'Comms Alert' Successful As Government Tests Emergency Response

'Silence is golden' as the saying goes, and it certainly was this week when the Government effectively 'seized control' of Irish national airwaves.

It happened on Tuesday, but few would have noticed as the 'broadcast' was at 4.45am and consisted of 30 seconds of nothing more than silence.

It was all part of a simulation on giving urgent messages to the nation.

The four terrestrial broadcasters, regional broadcasters, all national radio channels and the 25 local radio stations carried an announcement indicating an engineering test was under way and normal programming would resume at the end of the test.

Thirty seconds of dead air followed.

The exercise, carried out by the Department of Communications, simulated the need of the government or emergency services to gain access to radio and television services at short notice in order to broadcast a message to the nation.

It is the first time such an exercise has taken place in Ireland, and was carried out in conjunction with the Office of Emergency Planning at the Department of Defence.

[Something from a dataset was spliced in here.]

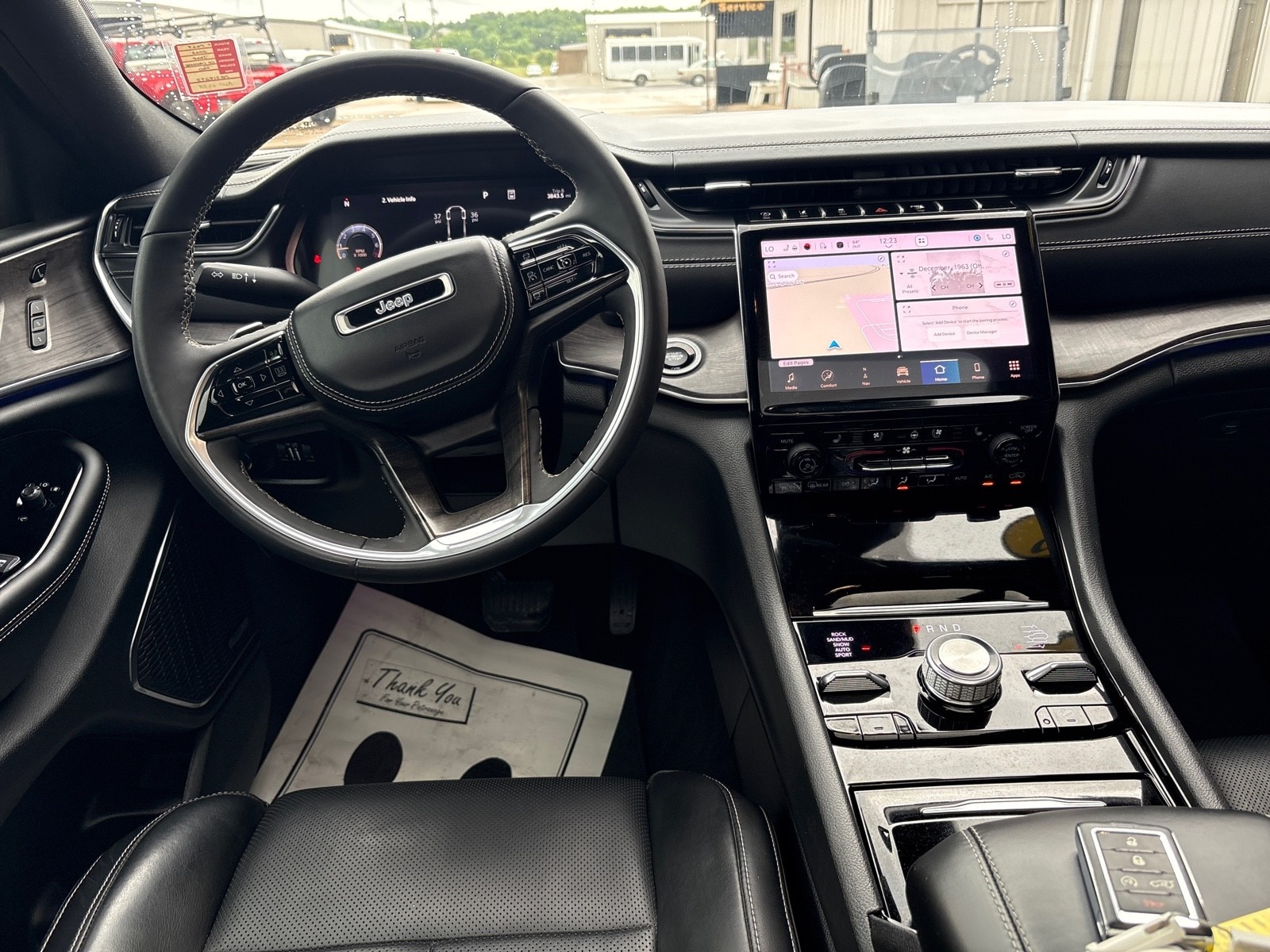 2023 Jeep Grand Cherokee L Overland - Photo 7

Broadcasters got a call out of the blue at about 2.30am and were told the infrastructure was in place to make a broadcast at 4.45am.

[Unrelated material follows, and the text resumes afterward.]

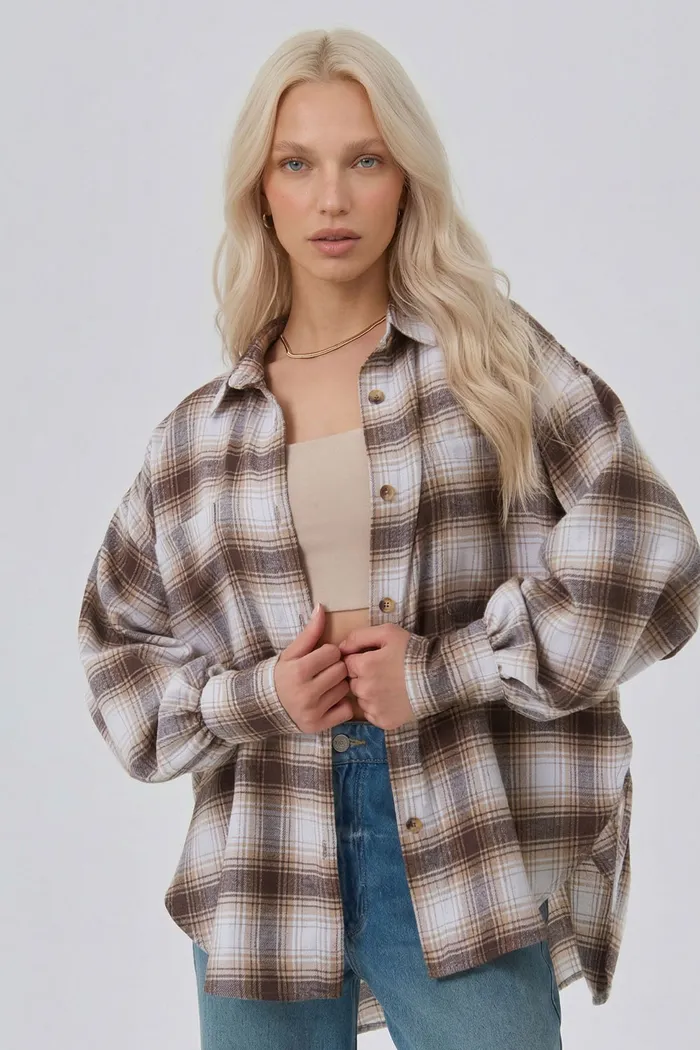 Рубашка из фланели бежевого цвета в клетку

The trial was held when most stations are unmanned to simulate an emergency, with stations expected to react quickly in unusual circumstances. The response time of each station was monitored.

As well as being the first time in the history of the State the test has been carried out, it is also the only time Government Buildings has been used to send a message to every broadcaster in the country. Follow-up simulations are expected.

"I am pleased that this morning's exercise went without a hitch," Communications Minister Eamon Ryan said.

"Contact was made with the broadcasters early this morning and they had very little time to co-ordinate this national broadcast response.

"The exercise was designed to test the ability of the broadcast networks to work together and to have available a critical infrastructure that will allow emergency messages to be broadcast to the public should the need arise. This they did quickly and effectively."